Depuis le 13 mai, la Nouvelle-Calédonie traverse une crise sociale de grande ampleur, dont les conséquences se feront ressentir encore longtemps. Si certains ont pris la décision de quitter le Caillou, d’autres souhaitent reconstruire. Rencontre avec ceux qui font le pari de l’avenir en Calédonie.
Jérôme Roumagne est un jeune réalisateur bien connu des Calédoniens. Sa famille est sur le territoire depuis cinq générations. « J’ai toujours vécu ici, si ce n’est pour mes études pour lesquelles je suis parti huit ans », explique-t-il. S’il n’a pas connu les Évènements, il en a néanmoins beaucoup entendu parler de la part de ses parents et grands-parents. Depuis un mois, il est passé par toutes les émotions : l’inquiétude, la déception, et aussi la colère, admet-il. Il est aussi conscient des impacts qu’aura cette crise sur son secteur professionnel, des impacts déjà visibles. D’ici la fin de l’année, il devait travailler sur trois projets : l’un est reporté, et les deux autres sont annulés. Sans compter les conséquences à long terme : « j’étais en train de construire un gros projet prévu pour l’année prochaine, explique-t-il. Trouver de l’argent pour un projet culturel calédonien était déjà compliqué, mais dans le contexte actuel, cette difficulté s’accroît encore davantage ».

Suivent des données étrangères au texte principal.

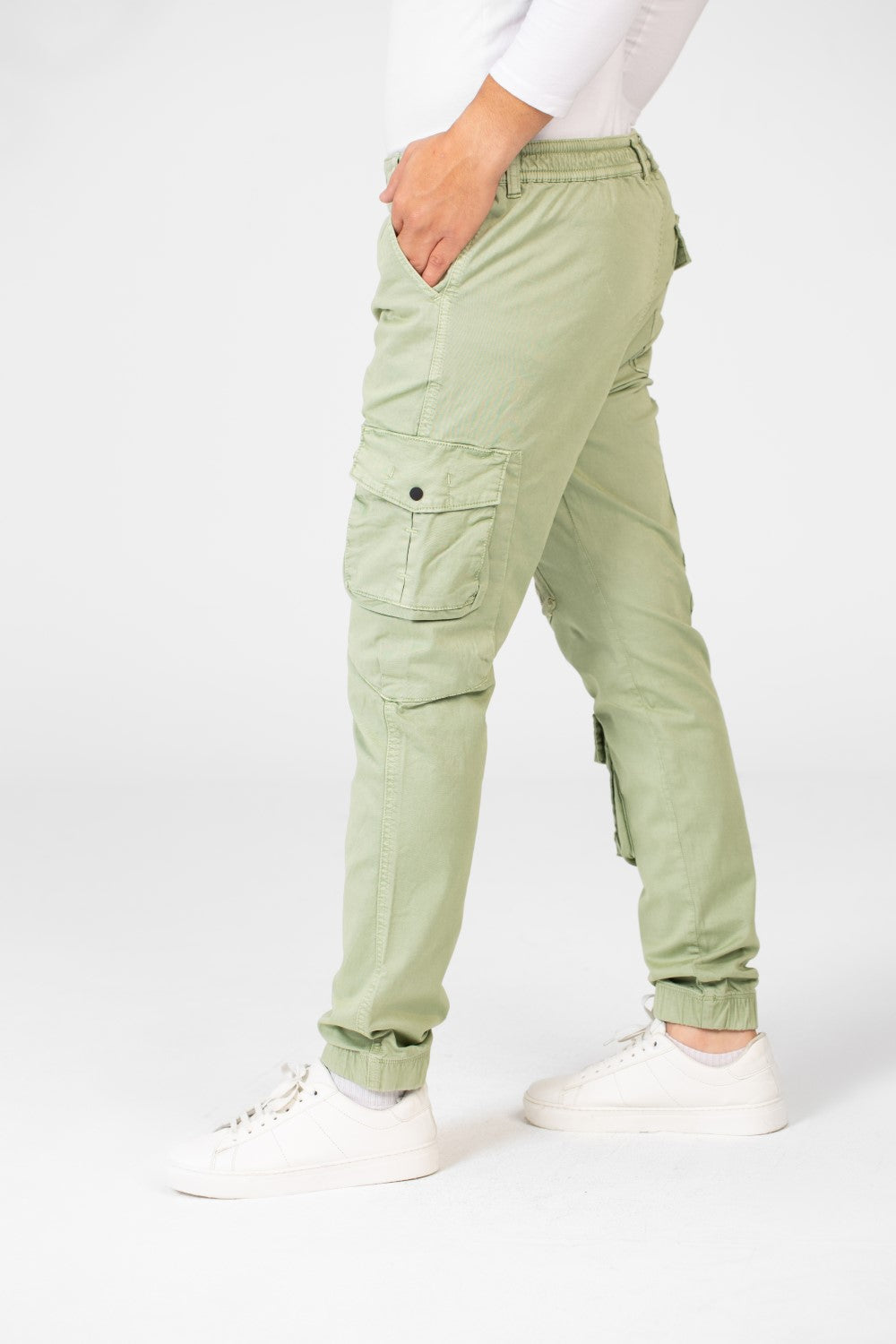 Men's Slim Fit Gabardine Sherwal Pants With Front Zip Pockets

« Je me suis souvenu que la Nouvelle-Calédonie
est le seul endroit de la planète
où je me sens chez moi »
La question se pose alors : pourquoi rester, alors que les perspectives d’avenir dans son domaine sont compromises ? « Comme tout le monde, je suis passé par plusieurs phases, souligne-t-il. L’idée de partir m’a traversé l’esprit, mais je me suis souvenu que la Nouvelle-Calédonie est le seul endroit de la planète où je me sens chez moi. C’est un peu comme quand un membre de ta famille a un problème et que c’est le moment de l’aider. S’il y a bien un moment où on ne peut pas se permettre de quitter le navire… En plus, j’ai un métier où j’ai l’opportunité de porter la voix de certaines personnes qu’on n’entend pas, ou montrer certaines choses qu’on ne voit pas. C’est le moment où il faut utiliser son art pour redonner de l’espoir aux gens et participer à cette reconstruction qui va être colossale. On aura besoin de tout le monde, tout corps de métier confondu, pour aider cette reconstruction qui va être longue ».